Ukrainian general warns of critical 6-month 'turning point' in war
Brig. Gen. Andriy Biletsky of the Third Army Corps of the Ukrainian Armed Forces poses for pictures after an interview, amid Russia's attack on Ukraine, at an undisclosed location, Kharkiv, Ukraine, May 21, 2026. (Reuters Photo)


A senior Ukrainian commander says Kyiv has roughly a six-month window to wrest the battlefield initiative from Russia and improve its position in future peace talks, calling the coming period a potential "turning point” in the more than four-year war.

Russian forces have made slow, grinding advances since launching their full-scale invasion in February 2022, but those gains have eased this year as Ukrainian troops step up pressure across multiple fronts in an effort to push them back.

Brig. Gen. Andriy Biletsky, commander of Ukraine’s Third Army Corps, told Reuters he believes Russia’s military is increasingly exhausted and no longer capable of achieving major breakthroughs.

He argued that if Ukrainian forces can sustain momentum over the coming months, they could seize the initiative along the front line and force Moscow to scale back its ambitions in the remaining parts of the Donetsk region still outside its control.

"I believe the next six to nine months are a turning point,” Biletsky said at an undisclosed underground location in Ukraine’s northeastern Kharkiv region.

"More precisely, I think the next six are the most critical,” he said.

The question of control over Donetsk has been a sticking point in U.S.-backed peace talks that have stalled, with Russia demanding the entire region and Ukraine refusing to withdraw from territory that Moscow’s forces have been unable to capture.

"We need to define those directions where we can improve our positions, take some strategic points, and then speak with the Russians from a position of strength, not weakness, about a truly stable truce,” said Biletsky, a right-wing political figure who founded the Azov Battalion and now commands tens of thousands of troops.

"From a military point of view, this is realistic.”

Russia’s Defense Ministry did not immediately respond to a request for comment. Russian President Vladimir Putin has vowed victory in Ukraine and said this month he believes the war is nearing its end.

Critical months ahead

Russia’s advances have been complicated by a decision by billionaire Elon Musk to restrict Moscow’s access to his Starlink satellite internet service. Kyiv has meanwhile stepped up medium-range drone strikes on Russian air defenses and logistics, helping more long-range attacks reach oil and military facilities inside Russia.

President Volodymyr Zelenskyy said last week that Ukraine had retaken nearly 600 square kilometers (230 square miles) of territory in 2026. Reuters could not independently verify the figure. Moscow currently controls almost one-fifth of Ukrainian territory.

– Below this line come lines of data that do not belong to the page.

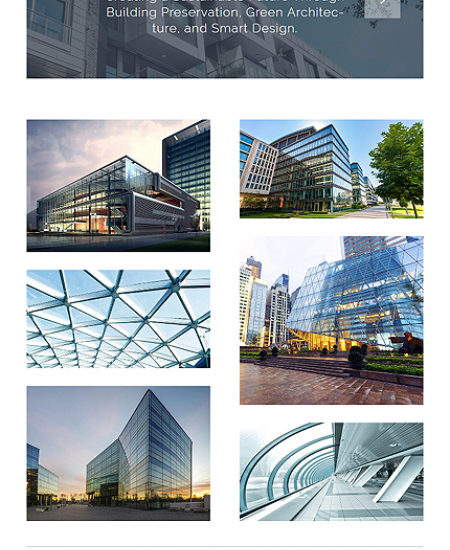 Architecture Website WP 61125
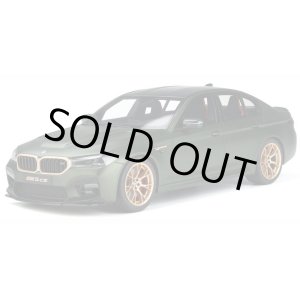 画像: GT Spirit 1/18 BMW M5 CS (F90) (Matte Green)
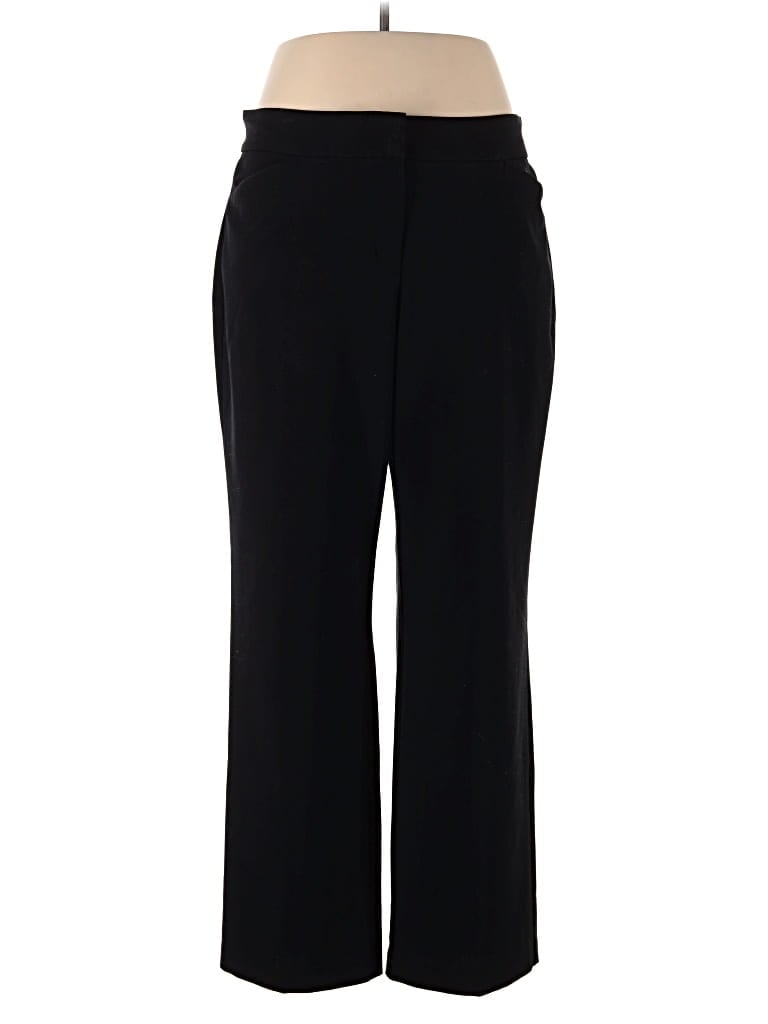 Pre-owned Jm Collection Dress Pants In Black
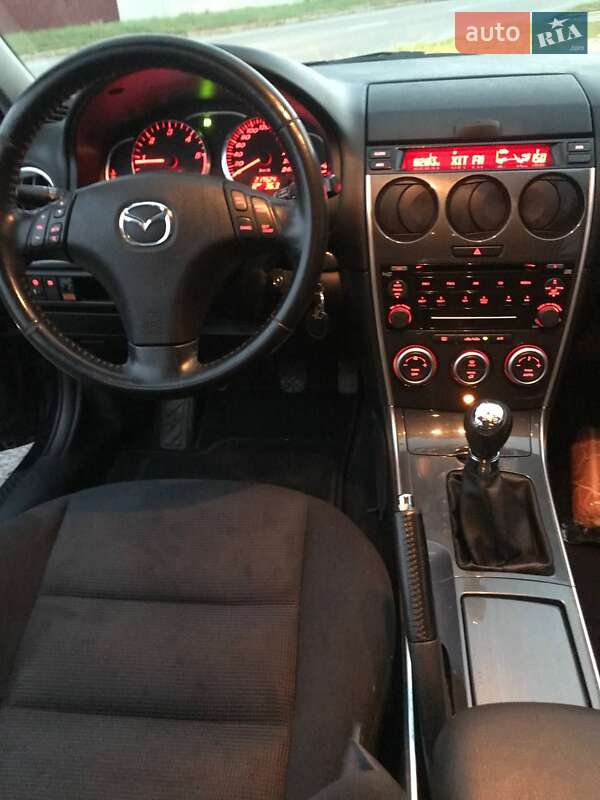 Универсал Mazda 6 2007 в Полтаве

Assessing the military situation, John Helin of the Finland-based Black Bird conflict analysis group echoed Biletsky, saying fatigue is becoming a growing problem for Russian forces, while Ukraine’s war effort is constrained by manpower shortages.

"It does seem like, four or five months into this year, it’s much more likely that the Russians will get exhausted before the Ukrainian problems come to a breaking point,” he told Reuters.

On Monday, the U.S.-based Institute for the Study of War said Kyiv’s forces were now "actively challenging the positional character of the war” and could soon be capable of launching limited mechanized assaults.

Fortress belt

Russian troops are pressing into eastern Ukraine’s so-called Fortress Belt, where fighting is taking place inside the strategic city of Kostiantynivka at its southern edge.

The chain of heavily fortified cities anchors Ukraine’s defenses. Capturing it would allow Russia to threaten the rest of Donbas.

Biletsky, whose forces hold more than one-tenth of the front line, said his troops are firmly holding the flank around Sloviansk, the belt’s northern anchor, and forcing Russian units into costly frontal assaults.

He said those attacks have helped drain Russian forces and led to heavy losses among field commanders, in what he described as a degradation of Moscow’s military professionalism.

"The lack of personnel no longer allows them to advance the way they did, for example, a year ago,” he said.

Biletsky said it is too early to draw firm conclusions from Ukraine’s recent gains, but argued Kyiv could capitalize on them by continuing mid-range strikes and advancing cautiously.

He also said Moscow is "radically losing” battlefield communications because of Musk’s restrictions on Starlink.

At the same time, he described both sides as roughly equal in evolving battlefield technology, with Ukraine leading in unmanned ground vehicles and heavy bomber drones, and Russia ahead in fiber-optic drones that cannot be jammed.

Biletsky said his corps is at the forefront of efforts to modernize Ukraine’s military, integrating new technologies and revising training methods.

He said his units are deploying kamikaze drones and armed ground robots to replace a portion of infantry roles, aiming for 30% substitution by 2027.

He added that the next phase of warfare will allow commanders to conduct more complex combined operations while conserving manpower.

"It will happen this year, and I think we’ll show how our corps is a vivid example of it,” he said.